◆ **Problem to work on**: Produce as output only the lines below starting at the line with "a living room" and continuing through the line with "Charming secondary bedroom", each one exactly as written.

◆ **Exercise input**:
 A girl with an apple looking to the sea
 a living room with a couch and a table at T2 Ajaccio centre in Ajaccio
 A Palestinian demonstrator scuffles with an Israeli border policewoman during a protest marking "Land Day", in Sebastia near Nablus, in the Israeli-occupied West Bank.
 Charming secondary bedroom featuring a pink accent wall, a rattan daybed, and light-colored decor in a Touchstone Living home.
--
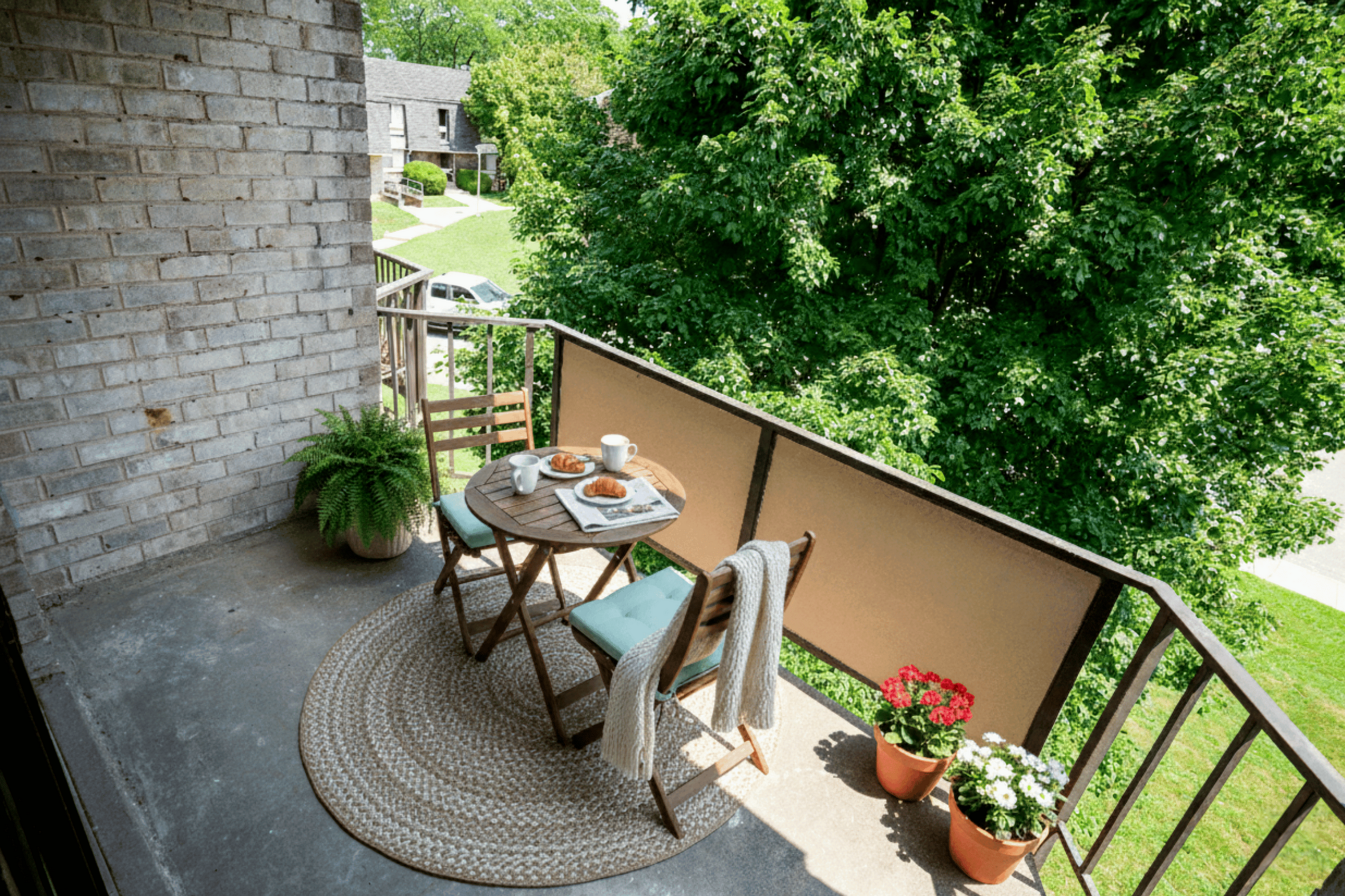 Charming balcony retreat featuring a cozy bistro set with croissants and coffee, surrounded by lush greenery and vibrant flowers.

◆ **Solution**:
 a living room with a couch and a table at T2 Ajaccio centre in Ajaccio
 A Palestinian demonstrator scuffles with an Israeli border policewoman during a protest marking "Land Day", in Sebastia near Nablus, in the Israeli-occupied West Bank.
 Charming secondary bedroom featuring a pink accent wall, a rattan daybed, and light-colored decor in a Touchstone Living home.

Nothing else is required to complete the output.